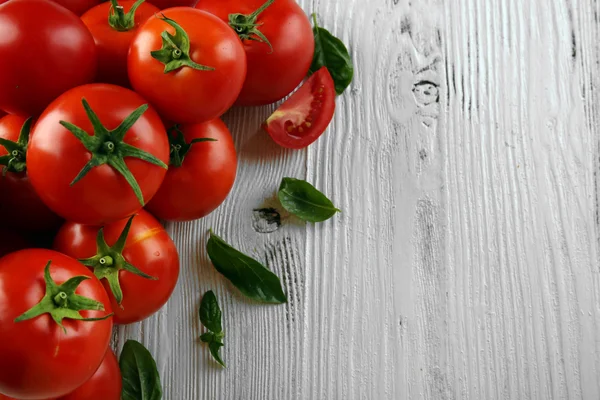 Rode tomaten op houten achtergrond — Stockfoto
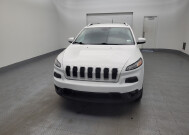 2018 Jeep Cherokee in Indianapolis, IN 46219 - 2322432 15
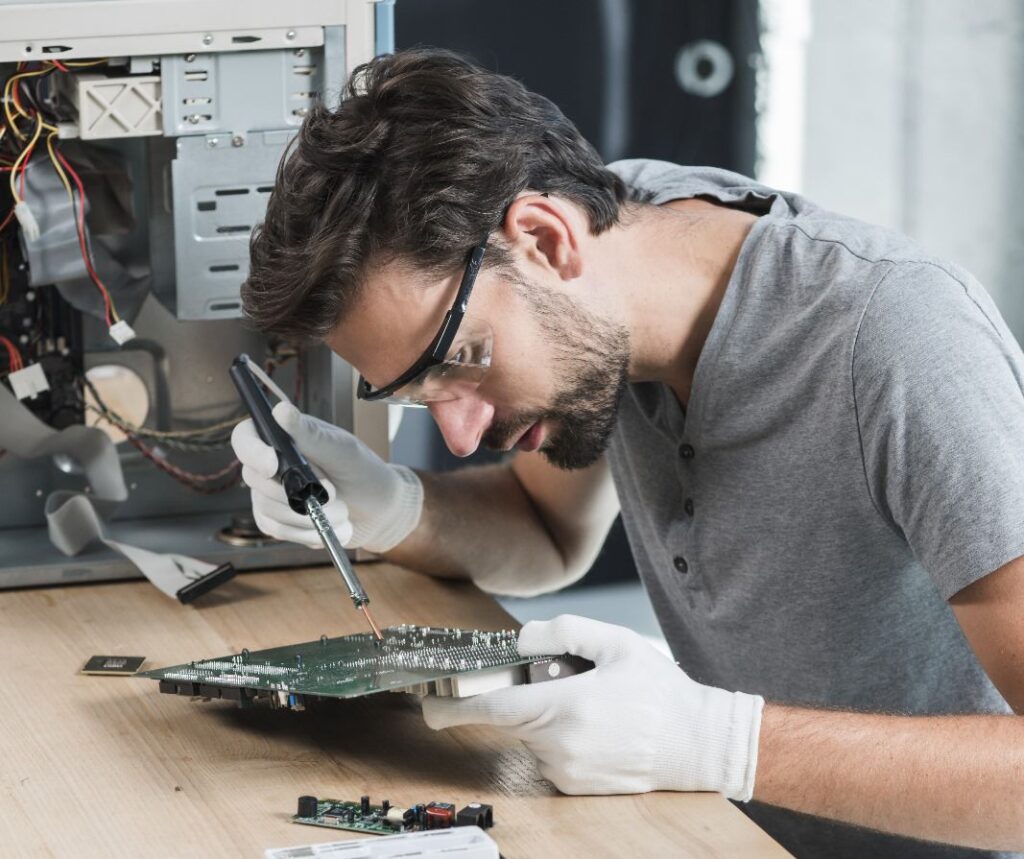 Monitor, Television & Computer Repairs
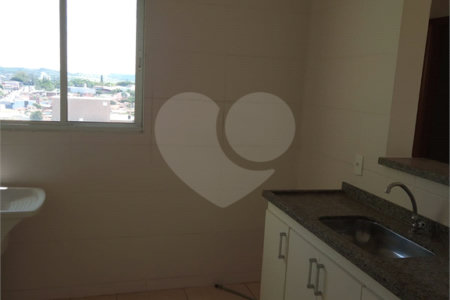 Apartamento com 2 dormitórios.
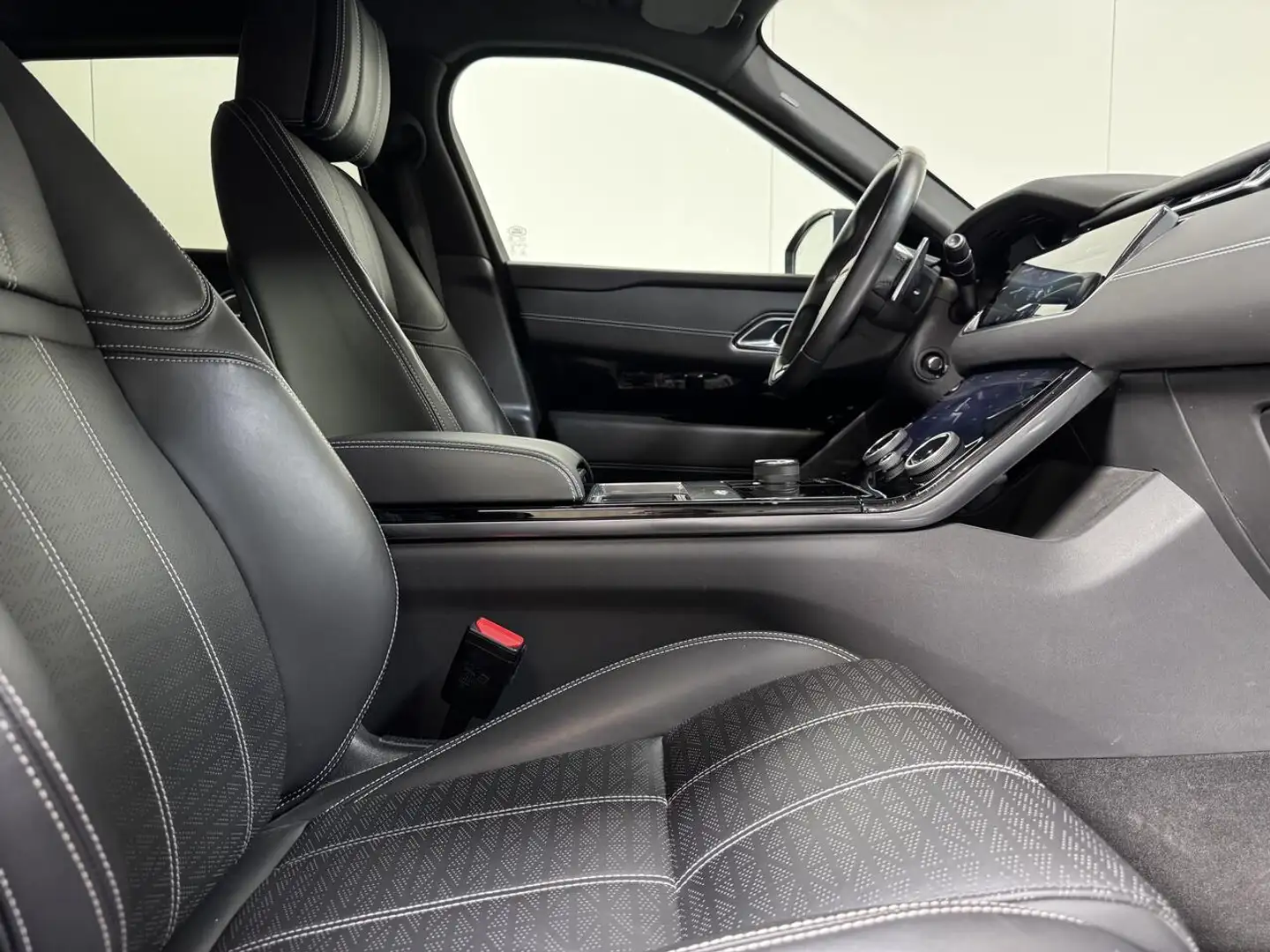 Land Rover Range Rover Velar 2.0 Benzine P300 - R Dynamic - Apple CarPlay To... Zwart - 2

------

Your task is to reproduce exactly the lines running from the line that contains "Monitor, Television & Computer Repairs" to the end of the records, pictures excluded.

 Monitor, Television & Computer Repairs
 Apartamento com 2 dormitórios.
 Land Rover Range Rover Velar 2.0 Benzine P300 - R Dynamic - Apple CarPlay To... Zwart - 2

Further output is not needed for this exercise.